Three Israeli hostages are seen urging their government to stop the offensive against the Islamist group and bring about their release, in a video released by Hamas, on the 100th day of the war.
Argamani was kidnapped while trying to flee a music festival in Israel as Hamas attacked on October 7. Images of her being taken away were featured in global media.
The 37-second video released yesterday shows Argamani and fellow detainees Yossi Sharabi, 53, and Itay Svirsky, 38, ending with the message: ‘‘Tomorrow we will inform you of their fate.’’
Hamas said earlier yesterday it had lost contact with some hostages as Israeli forces shelled Gaza, noting they might have been killed in the process. At the outset of the war, it also threatened to execute hostages in retaliation for Israeli military strikes.
Of an estimated 240 people seized by Hamas in an October 7 crossborder killing spree that sparked the war, about half were released in a November truce. Israel says 132 remain in Gaza and that 25 of them have died in captivity.

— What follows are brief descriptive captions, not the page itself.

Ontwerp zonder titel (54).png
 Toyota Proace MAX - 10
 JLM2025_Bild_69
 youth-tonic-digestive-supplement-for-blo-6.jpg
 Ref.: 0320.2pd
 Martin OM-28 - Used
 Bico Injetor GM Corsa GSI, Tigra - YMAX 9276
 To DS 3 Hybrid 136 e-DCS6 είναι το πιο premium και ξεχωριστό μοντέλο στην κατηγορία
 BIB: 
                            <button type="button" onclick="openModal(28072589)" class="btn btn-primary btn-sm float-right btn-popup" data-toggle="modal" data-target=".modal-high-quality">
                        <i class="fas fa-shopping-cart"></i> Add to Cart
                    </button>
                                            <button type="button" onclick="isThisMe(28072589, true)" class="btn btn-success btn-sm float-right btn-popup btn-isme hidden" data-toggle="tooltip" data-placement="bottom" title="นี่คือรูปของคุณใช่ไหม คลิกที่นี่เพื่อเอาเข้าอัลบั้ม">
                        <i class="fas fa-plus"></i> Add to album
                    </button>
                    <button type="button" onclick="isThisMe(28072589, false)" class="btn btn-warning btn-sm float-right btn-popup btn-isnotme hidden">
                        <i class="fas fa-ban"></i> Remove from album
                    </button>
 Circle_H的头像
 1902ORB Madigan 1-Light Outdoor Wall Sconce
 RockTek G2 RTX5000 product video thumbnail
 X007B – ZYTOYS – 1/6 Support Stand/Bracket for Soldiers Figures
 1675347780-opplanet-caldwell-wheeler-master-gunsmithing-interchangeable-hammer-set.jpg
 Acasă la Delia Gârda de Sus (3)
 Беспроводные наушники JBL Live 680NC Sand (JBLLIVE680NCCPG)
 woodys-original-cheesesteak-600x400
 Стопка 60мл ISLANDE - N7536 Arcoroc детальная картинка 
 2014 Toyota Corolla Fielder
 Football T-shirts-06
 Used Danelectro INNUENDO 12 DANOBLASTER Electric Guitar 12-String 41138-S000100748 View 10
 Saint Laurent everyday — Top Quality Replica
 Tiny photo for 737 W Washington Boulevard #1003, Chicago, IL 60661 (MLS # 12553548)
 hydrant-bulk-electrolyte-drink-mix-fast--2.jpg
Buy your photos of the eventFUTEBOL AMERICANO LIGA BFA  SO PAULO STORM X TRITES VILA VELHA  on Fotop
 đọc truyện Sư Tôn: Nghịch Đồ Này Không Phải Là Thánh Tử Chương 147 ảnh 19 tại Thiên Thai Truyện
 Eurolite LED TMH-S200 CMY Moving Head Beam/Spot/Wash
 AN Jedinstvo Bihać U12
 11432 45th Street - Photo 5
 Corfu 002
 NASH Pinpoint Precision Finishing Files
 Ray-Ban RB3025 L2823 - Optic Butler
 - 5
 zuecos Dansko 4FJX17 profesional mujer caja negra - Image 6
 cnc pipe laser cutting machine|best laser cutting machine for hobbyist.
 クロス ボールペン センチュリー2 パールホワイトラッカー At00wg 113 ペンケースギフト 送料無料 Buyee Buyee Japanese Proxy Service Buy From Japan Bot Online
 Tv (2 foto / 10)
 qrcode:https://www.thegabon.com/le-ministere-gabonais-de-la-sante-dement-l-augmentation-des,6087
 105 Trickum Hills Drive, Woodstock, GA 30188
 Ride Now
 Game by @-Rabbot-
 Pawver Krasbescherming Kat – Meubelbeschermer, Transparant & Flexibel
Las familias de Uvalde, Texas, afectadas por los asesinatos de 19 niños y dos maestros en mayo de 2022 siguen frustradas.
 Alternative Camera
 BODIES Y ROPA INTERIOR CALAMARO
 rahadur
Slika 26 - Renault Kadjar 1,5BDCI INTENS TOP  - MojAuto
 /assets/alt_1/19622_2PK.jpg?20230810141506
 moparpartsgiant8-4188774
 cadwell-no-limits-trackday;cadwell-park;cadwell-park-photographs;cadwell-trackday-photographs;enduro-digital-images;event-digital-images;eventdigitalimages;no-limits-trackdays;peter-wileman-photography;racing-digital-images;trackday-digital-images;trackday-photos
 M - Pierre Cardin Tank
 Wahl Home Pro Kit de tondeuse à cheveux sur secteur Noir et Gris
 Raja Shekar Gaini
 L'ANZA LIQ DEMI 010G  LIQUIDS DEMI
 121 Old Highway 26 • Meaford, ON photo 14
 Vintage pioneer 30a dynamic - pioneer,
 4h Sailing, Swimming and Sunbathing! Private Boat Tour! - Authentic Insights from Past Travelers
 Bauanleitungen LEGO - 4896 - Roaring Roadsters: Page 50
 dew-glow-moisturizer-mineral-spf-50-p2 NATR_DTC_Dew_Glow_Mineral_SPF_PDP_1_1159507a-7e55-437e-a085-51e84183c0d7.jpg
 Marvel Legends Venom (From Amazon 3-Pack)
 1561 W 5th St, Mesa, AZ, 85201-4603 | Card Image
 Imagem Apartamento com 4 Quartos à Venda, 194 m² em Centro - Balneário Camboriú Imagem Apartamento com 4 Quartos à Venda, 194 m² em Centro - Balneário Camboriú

The hostage crisis has riveted Israelis already shocked by the war, and some relatives of the captives have urged Israeli Prime Minister Benjamin Netanyahu to enter another truce or even call off the war. He has vowed to fight on until Hamas is destroyed, which he argued would enable the hostages’ release. ‘‘We are continuing the war until the end, until total victory,’’ he said on Saturday.
One hundred days after Hamas gunmen broke out of Gaza to launch the deadliest attack in Israel’s history, tens of thousands of Palestinians have been killed, Gaza lies in ruins and the Middle East is sliding towards a wider, more unpredictable conflict.
For both Israelis and Palestinians, the war has been a trauma that looks likely to last for years, deepening the hostility and mistrust that have stood in the way of peace for more than 75 years.
The assault in the early morning caught Israel’s military and security services off guard, opening days of fear and uncertainty for the country as the details of the slaughter of about 1200 people by the gunmen emerged. The Israeli response was immediate, beginning with aerial bombardment and followed by a ground invasion that have together laid waste to Gaza and forced almost 2 million people to flee their homes.
Almost 24,000 Palestinians have been killed and 60,000 wounded in the invasion, according to Gaza health authorities – the largest loss of Palestinian life suffered in the decades of wars and conflict with Israel since 1948.
Israeli officials say they do all they can to avoid civilian casualties and accuse Hamas of hiding its tunnels and military infrastructure among Gaza’s civilian population, putting them at risk. That offers little comfort to the tens of thousands who have lost relatives.
‘‘I come here every day, longing for them,’’ said Khaled Abu Aweidah, who lost 22 members of his family to an airstrike and who still searches the rubble that was his home for any sign of three children buried there.